児童婚許す法の抜け穴から少女たちを守れ モロッコ
【AFP=時事】モロッコのアンティアトラス山脈奥地の村で生まれたナディアさん(仮名、20)は16歳の時、父親と言っていいほどの年齢の男性と結婚させられた。法律の抜け穴のせいで、児童婚を余儀なくされる少女は年間数千人に上っている。≪写真はモロッコ・アンティアトラス山脈の村の女性たちと話をする人権団体のメンバー≫
「地獄を味わいました。でも、その悪夢は終わりました」とナディアさんは話す。
夫には暴力を振るわれ、1年で離婚した。今は両親が住む村の実家に戻り、読み書きを学んでいる。
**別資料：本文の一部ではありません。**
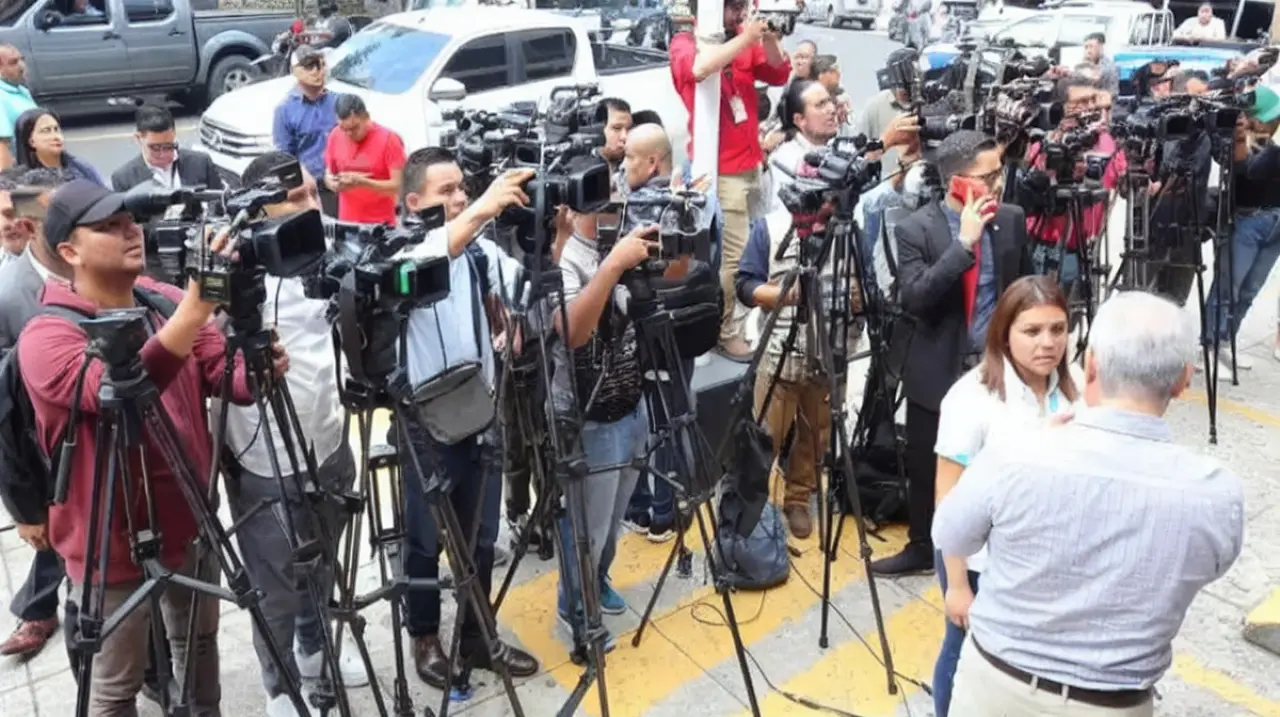 C-Libre reporta más de 60 alertas por amenazas contra periodistas y sus familias en Honduras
「私の夢は自立すること。村の他の女の子たちにも、そうするよう励ましています」。スカーフで顔を半分隠し、恥ずかしそうにナディアさんは話した。
モロッコの2004年の家族法では、婚姻開始年齢は18歳と定められているが、裁判官に特別許可を受けた家族は18歳未満でも子どもを結婚させることができる。
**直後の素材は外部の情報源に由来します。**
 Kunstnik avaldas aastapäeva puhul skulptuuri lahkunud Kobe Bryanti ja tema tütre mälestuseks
人権団体は長年、この抜け穴をふさぐよう要請してきた。しかし、公式の統計によると、2020年だけで約1万3000件の特別許可が与えられている。
しかも、この件数には、法に基づかない慣習的な結婚──イスラム教の聖典コーランの一節を2人の証人と読んだだけで結婚したものと見なされる──は含まれていない。
人権団体「YTTO」はこの10年、モロッコ山間部の村々で毎年、児童婚のリスクを訴える啓発運動を行い、討論会を開催するなどの支援を行ってきた。
2014年の最新統計によると、スースマサ地方では、女性の44%以上は読み書きができない。
児童婚を根絶するカギは女性の教育と経済的な自立だと、YTTOでモロッコ南部のコーディネーターを務めるカリマ・エレジュラジ氏は話す。
エレジュラジ氏自身も、子どもの頃は一度も学校に行ったことがなく、14歳の時に自分の年齢の4倍にもなる56歳の男性と結婚した。
■独立するために教育を
地域の村では、共同の煮炊き場に集まった女性たちが、生計を立てて少しでも自立するため、じゅうたんをつくったり、伝統的なパンを近隣のホテルに販売したりする案を話し合っていた。
全員で一致した意見は、すべての少女には教育を受ける権利があるということだ。
6年前に結婚したイザさん(仮名、23)は、自分の娘に教育を受けさせるために闘っていると話した。